Could you restate the entries below word for word and leave out the pictures?

(Data extracted from a collection)
━━━━━━━━━━

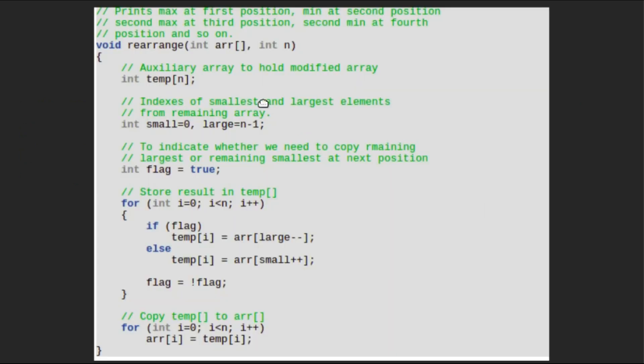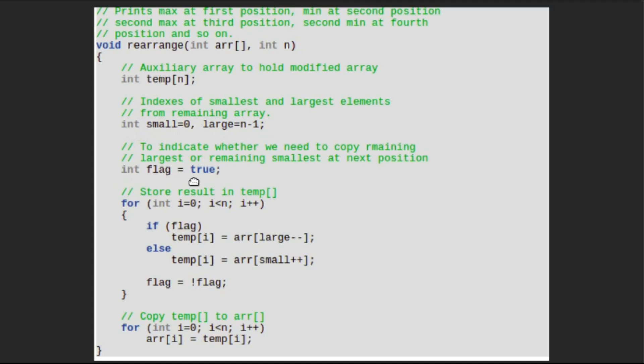Let's look at the code. We will take array and size of array as input. Initialize an auxiliary array to hold modified array. Store index of smallest and largest elements. Make a flag variable and initialize it with true. Start a loop from index 0 to n-1.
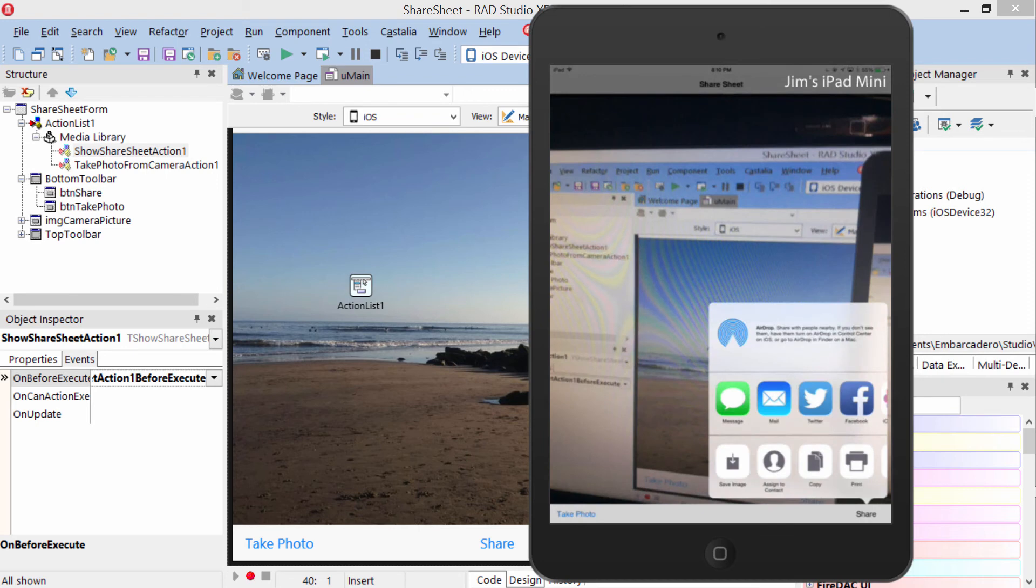So let's tap share. We have three categories of options. We can use airdrop to send to people nearby.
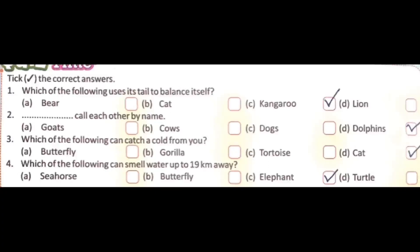Fourth question: which of the following can smell water up to 19 kilometers away? Options: seahorse, butterfly, elephant, or turtle. The correct answer is elephant. Students, read this chapter from the textbook and complete the answers in the textbook.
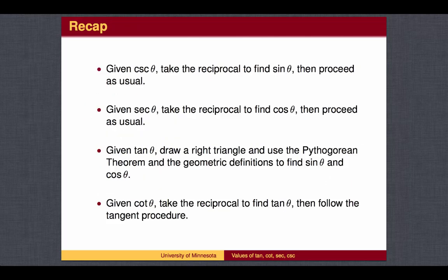To recap: if you are given the cosecant or secant value, take the reciprocal to find the sine or cosine value, and then proceed as usual. If you are given the tangent value, draw a right triangle, use the Pythagorean Theorem and the geometric definitions to find sine and cosine, and then proceed as usual. If you are given the cotangent value, take the reciprocal to find the tangent value, and then follow the tangent procedure.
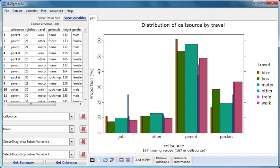The width of the bar is determined by the size of the group. The number of students who travelled by bike is much smaller than the number who travelled by bus, walked or in the catch-all category other. We can see this as the brown bike bars are much narrower than those of bus, walk or other.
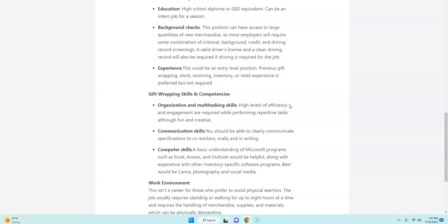But if you're good at wrapping gifts, this would be a great work from home opportunity for you. You do need to have good multitasking skills and be able to perform repetitive tasks, have good communication skills.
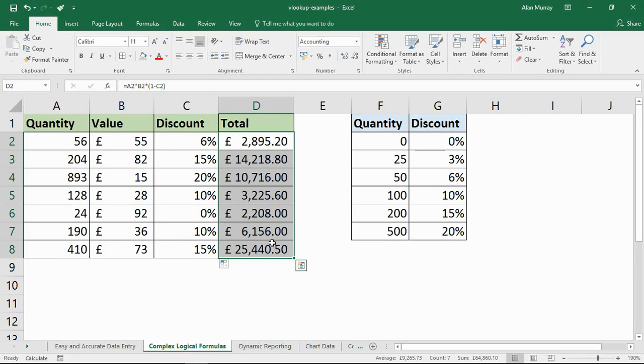So that is another reason why you want to be using VLOOKUP. They can, depending on the logic, greatly simplify these multiple conditional formulas that quite often nested IFs are used to perform.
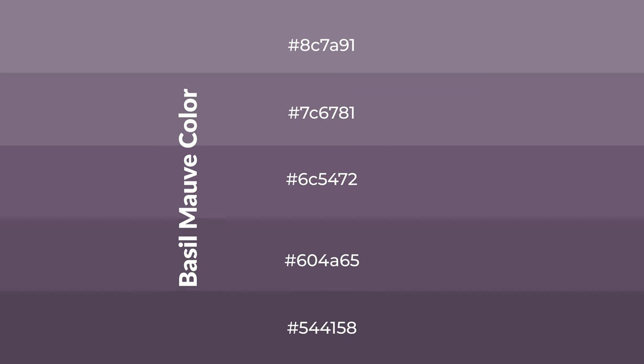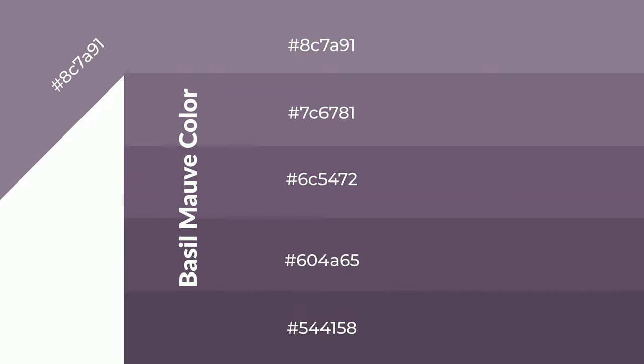To generate shades of a color, we add black to the color, and it is used in patterns.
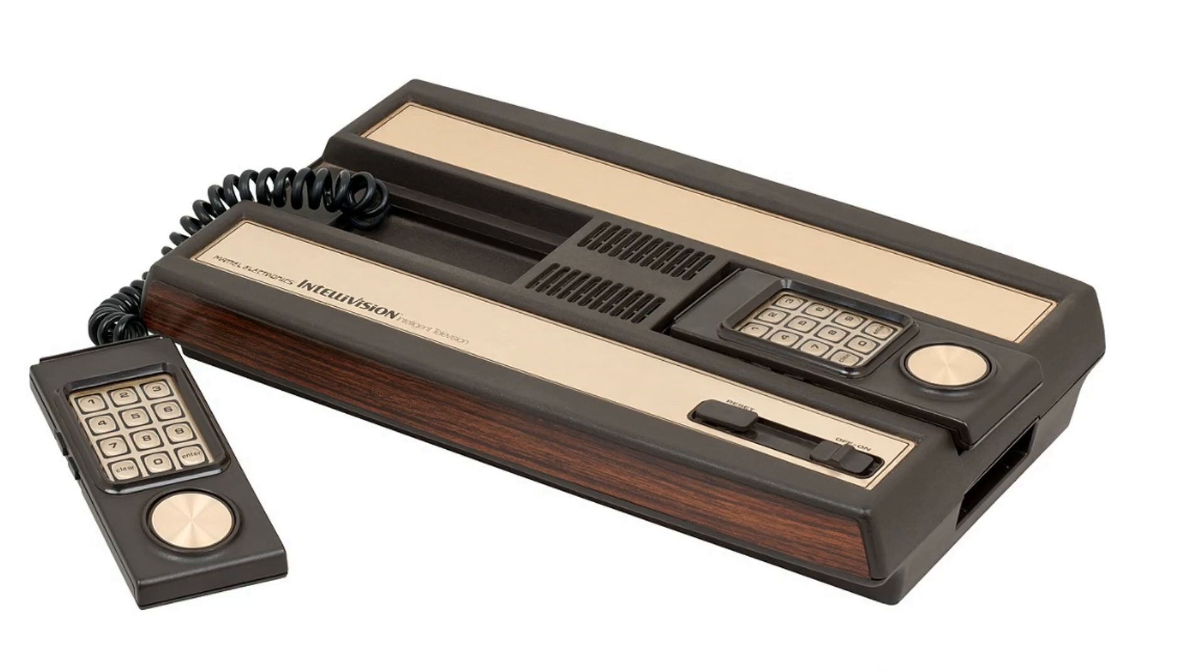The CP1610 was made by a company that's no longer around, named General Instrument. The processors that General Instrument usually made were used for industrial applications typically, but it's worth noting that 3 million of those things were sold as part of the Intellivision. Now, there's some interesting trivia. Between 1990 and 1993, the CEO of the company was Donald Rumsfeld.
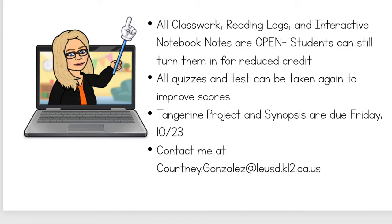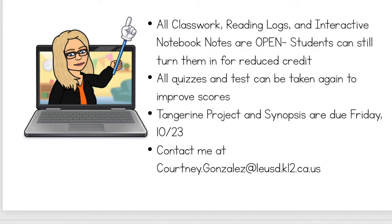The second thing is that all quizzes and tests can be taken again to improve scores. I usually give the students three opportunities to retry tests to improve their scores. So if you see a quiz or test score that you're not happy with, please encourage your students to retake it again. The third thing is, I've said it before, but I just want to make sure everybody knows that the Tangerine Project and Synopsis are due this Friday at 10-23.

━━━━━━━━━━

### [Exercise output]
Let's look at the code. We will take array and size of array as input. Initialize an auxiliary array to hold modified array. Store index of smallest and largest elements. Make a flag variable and initialize it with true. Start a loop from index 0 to n-1.
So let's tap share. We have three categories of options. We can use airdrop to send to people nearby.
Fourth question: which of the following can smell water up to 19 kilometers away? Options: seahorse, butterfly, elephant, or turtle. The correct answer is elephant. Students, read this chapter from the textbook and complete the answers in the textbook.
To recap: if you are given the cosecant or secant value, take the reciprocal to find the sine or cosine value, and then proceed as usual. If you are given the tangent value, draw a right triangle, use the Pythagorean Theorem and the geometric definitions to find sine and cosine, and then proceed as usual. If you are given the cotangent value, take the reciprocal to find the tangent value, and then follow the tangent procedure.
The width of the bar is determined by the size of the group. The number of students who travelled by bike is much smaller than the number who travelled by bus, walked or in the catch-all category other. We can see this as the brown bike bars are much narrower than those of bus, walk or other.
But if you're good at wrapping gifts, this would be a great work from home opportunity for you. You do need to have good multitasking skills and be able to perform repetitive tasks, have good communication skills.
So that is another reason why you want to be using VLOOKUP. They can, depending on the logic, greatly simplify these multiple conditional formulas that quite often nested IFs are used to perform.
To generate shades of a color, we add black to the color, and it is used in patterns.
The CP1610 was made by a company that's no longer around, named General Instrument. The processors that General Instrument usually made were used for industrial applications typically, but it's worth noting that 3 million of those things were sold as part of the Intellivision. Now, there's some interesting trivia. Between 1990 and 1993, the CEO of the company was Donald Rumsfeld.
The second thing is that all quizzes and tests can be taken again to improve scores. I usually give the students three opportunities to retry tests to improve their scores. So if you see a quiz or test score that you're not happy with, please encourage your students to retake it again. The third thing is, I've said it before, but I just want to make sure everybody knows that the Tangerine Project and Synopsis are due this Friday at 10-23.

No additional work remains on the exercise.